►

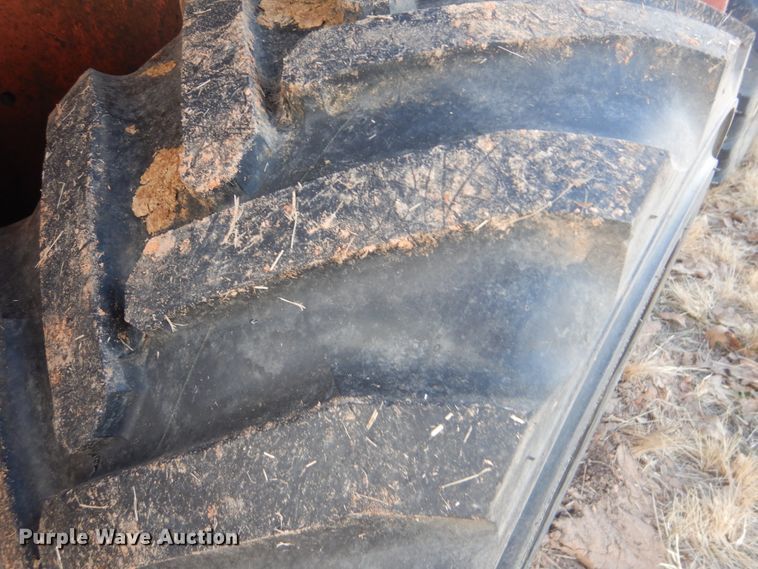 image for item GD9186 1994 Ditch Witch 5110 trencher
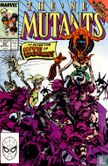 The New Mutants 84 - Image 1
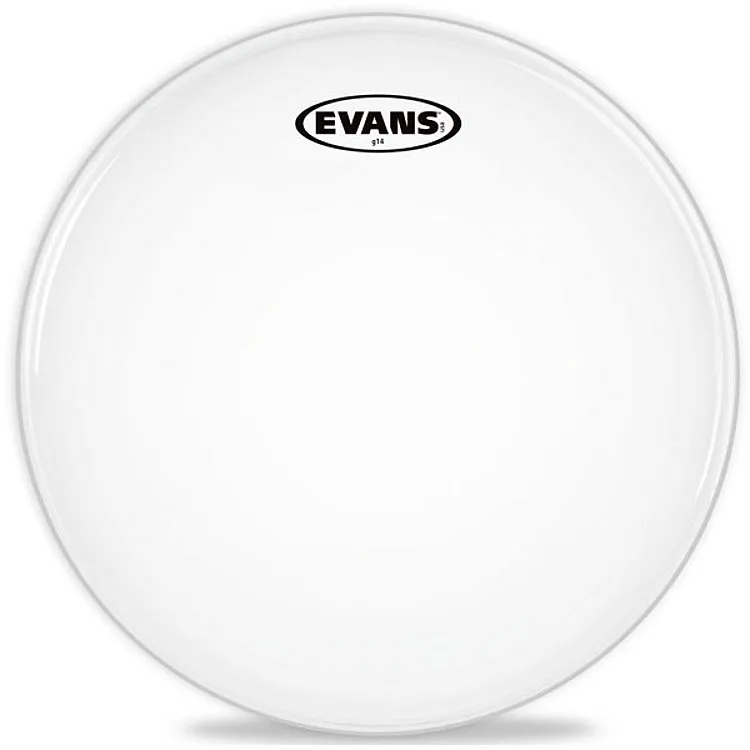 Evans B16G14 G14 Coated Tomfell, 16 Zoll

◄

-- What this task involves --
Could you write out exactly the lines from the line containing "The New Mutants 84 - Image 1" to the end of the material, and nothing else? No pictures belong in the copy.

-- Reply --
 The New Mutants 84 - Image 1
 Evans B16G14 G14 Coated Tomfell, 16 Zoll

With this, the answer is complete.